Even worse, the Miami Herald found that FPL engages in a practice of donating millions to groups that then transfer those funds to anonymous donors, making it nearly impossible to track where all that money’s going. Past legislation has been proposed to stop such practices but hasn’t made it very far. A Florida House bill proposed in 2017 didn’t make it past an oversight committee, while a similar bill introduced in the Senate died in the ethics and elections committee.

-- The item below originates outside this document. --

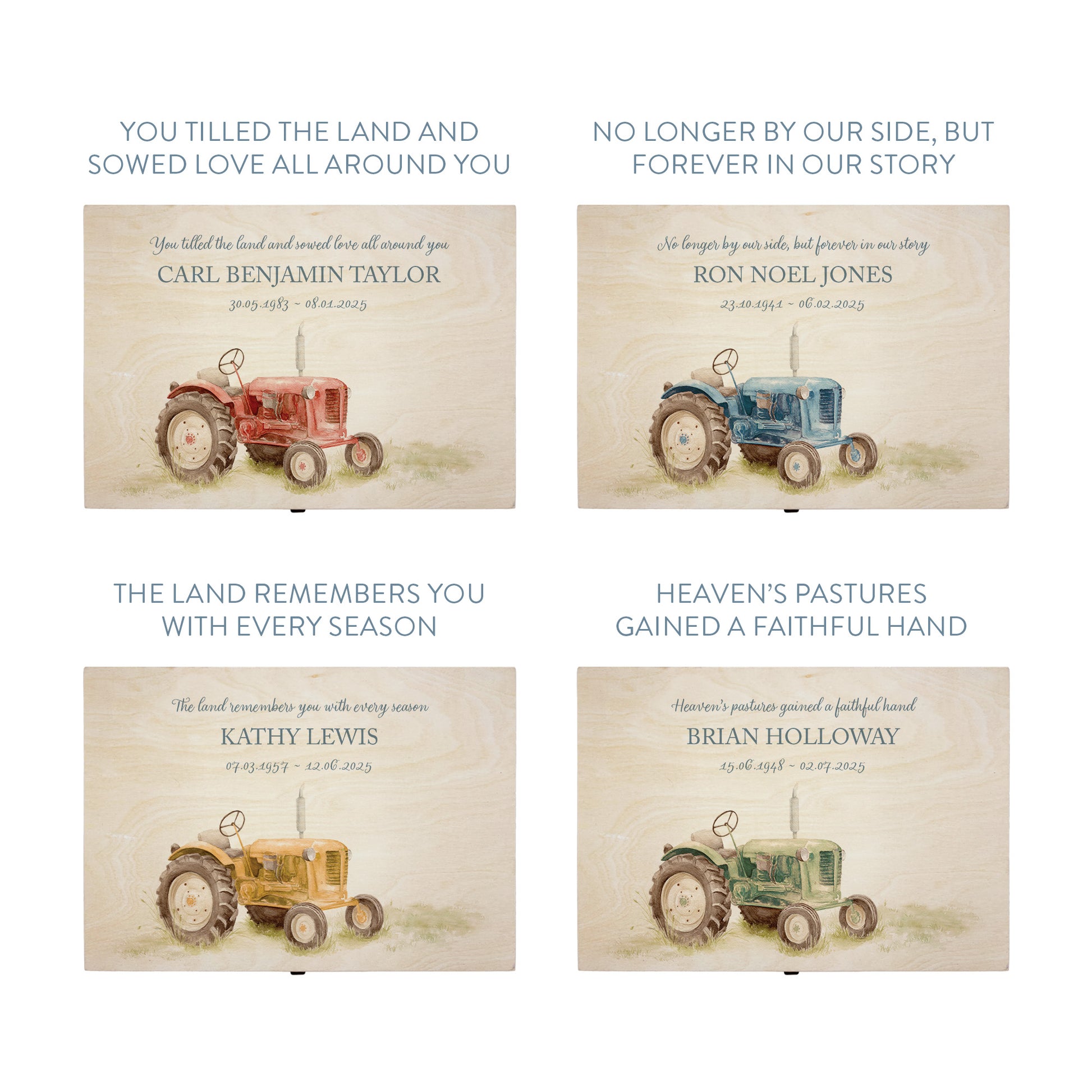 Wooden box with a red, Blue, Green or Yellow tractor illustration Perfect funeral memory keepsake box, for storing ashes, order of service, flowers, pictures.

On top of its shady dealings, FPL isn’t even backing something that Florida voters want to begin with. Florida is one of 47 states that offers net metering. Florida’s solar industry is the second-largest in the country, providing jobs for more than 11,000 people directly and 31,000 indirectly. A recent poll from Conservative Energy Network found that an overwhelming amount of voters—70%, in fact—support prioritizing clean energy across the nation with a particular focus on solar power. FPL doesn’t care about the people it serves; it’s more afraid of shrinking profits. The company believes it and other utility companies could lose around $700 million between 2019 and 2025. Were this legislation to pass in the Florida House and Senate, all of Florida’s progress in the solar sector could seemingly disappear.

“If this bill passes as it is, it has the potential to send Florida back to 2013,’’ Justin Vandenbroeck, who oversees the Florida Solar Energy Industries Association and owns his own solar installation company, told the Miami Herald, “as if the advances of the last 10 years didn’t happen.”